- EXERCISE AIM: In the data below, find every line that has the string "with", and copy it.

- DATA:
——

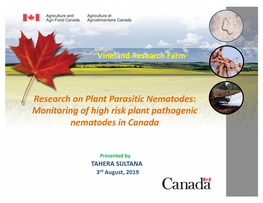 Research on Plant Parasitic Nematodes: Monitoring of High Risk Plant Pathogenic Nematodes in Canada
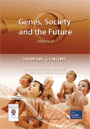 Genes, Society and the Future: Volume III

——

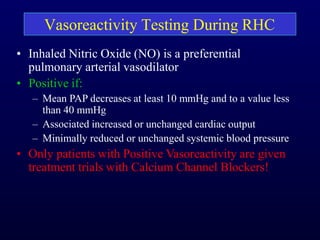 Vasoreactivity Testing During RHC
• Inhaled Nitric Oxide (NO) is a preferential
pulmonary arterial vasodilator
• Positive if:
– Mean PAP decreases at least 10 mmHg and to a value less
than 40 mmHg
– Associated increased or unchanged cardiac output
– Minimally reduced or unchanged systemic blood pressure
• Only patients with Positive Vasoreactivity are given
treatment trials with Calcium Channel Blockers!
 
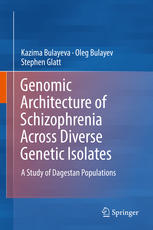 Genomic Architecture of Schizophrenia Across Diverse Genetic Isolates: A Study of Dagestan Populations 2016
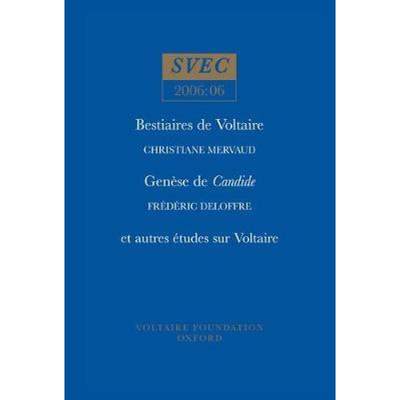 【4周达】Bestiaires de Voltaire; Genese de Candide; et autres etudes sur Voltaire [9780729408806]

——

- TASK RESULT:
• Only patients with Positive Vasoreactivity are given
treatment trials with Calcium Channel Blockers!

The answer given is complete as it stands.